§ **THE INPUT**:

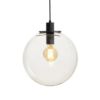 BOULDER 30 függő lámpa tiszta üveg/fekete 230V LED E27 15W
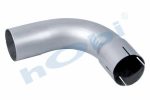 Boru, Universal Sac Dirsek, A:90° Ø76,2 L1:200 L2:200 T:1,5 mm Alusi ID1:Ø76,8
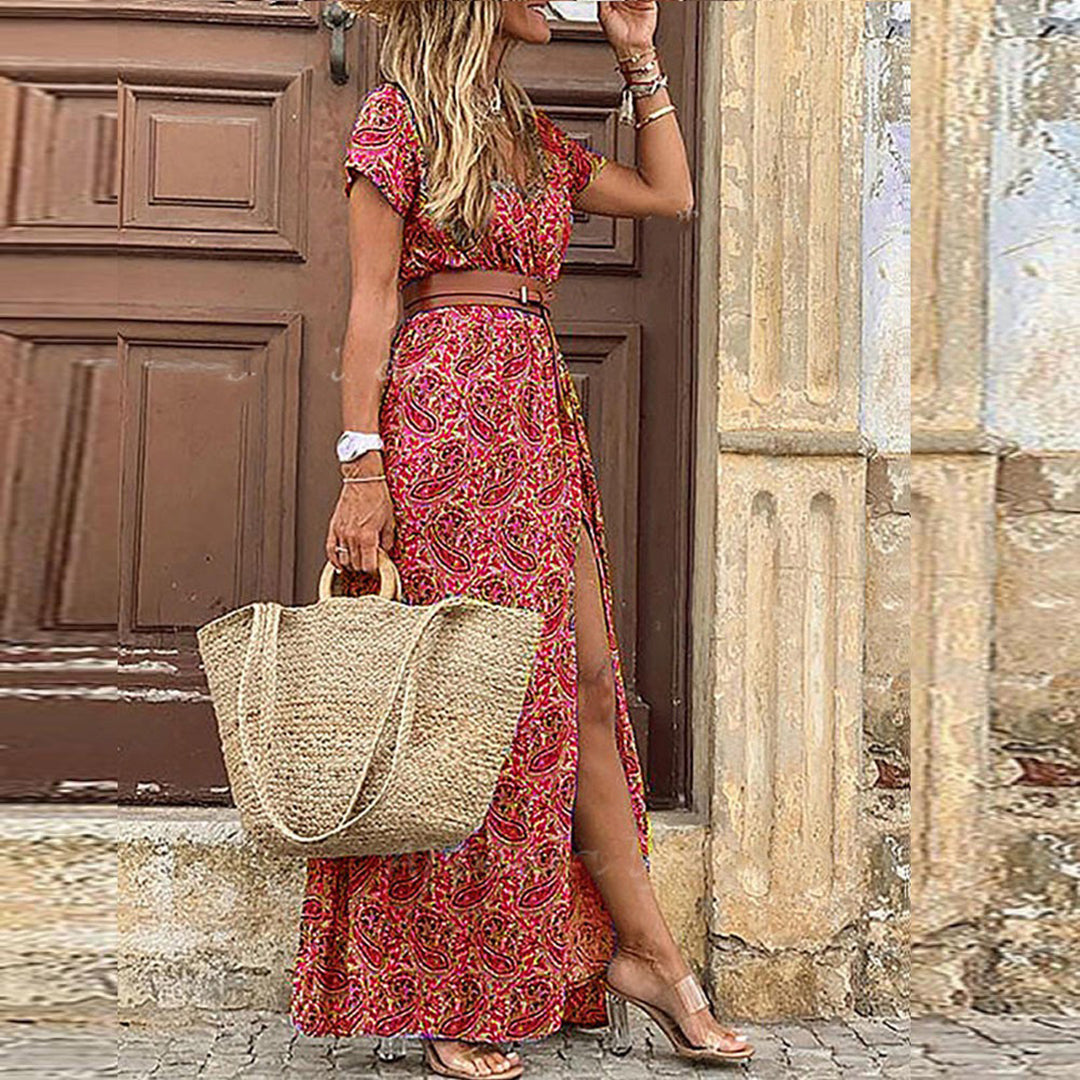 Vieve™ | Abito Maxi Stile Ibiza con Vita Adattabile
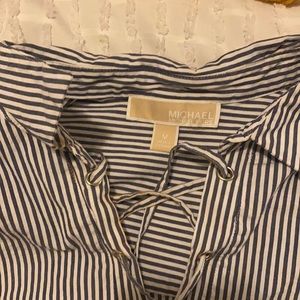 Micheal Kors striped shirt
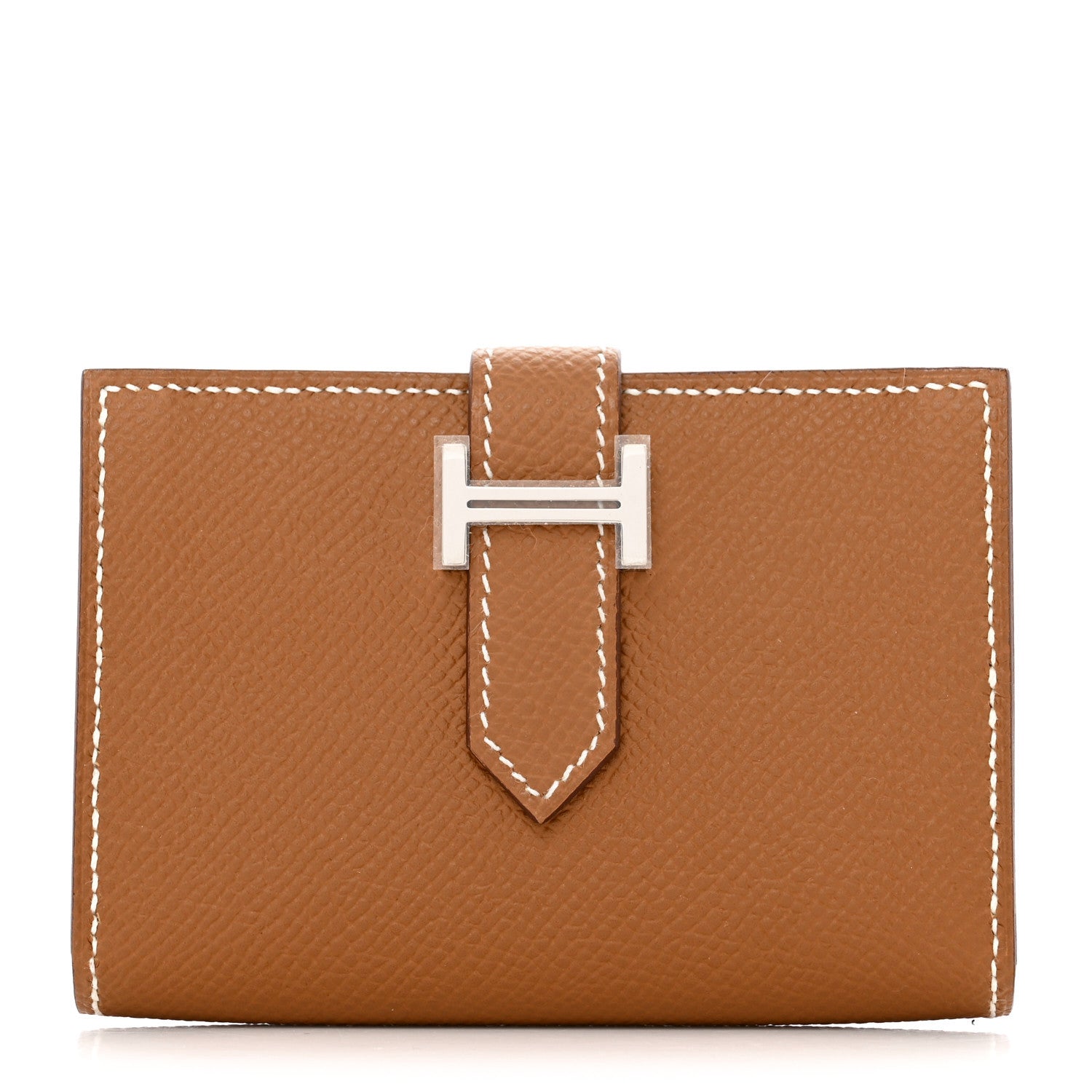 Hermes Epsom Bearn Card Holder Wallet Gold 1 of 7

§ **PROBLEM STATEMENT**: Retype the listing above exactly, pictures excluded.

§ **SOLUTION TO THE EXERCISE**:
 BOULDER 30 függő lámpa tiszta üveg/fekete 230V LED E27 15W
 Boru, Universal Sac Dirsek, A:90° Ø76,2 L1:200 L2:200 T:1,5 mm Alusi ID1:Ø76,8
 Vieve™ | Abito Maxi Stile Ibiza con Vita Adattabile
 Micheal Kors striped shirt
 Hermes Epsom Bearn Card Holder Wallet Gold 1 of 7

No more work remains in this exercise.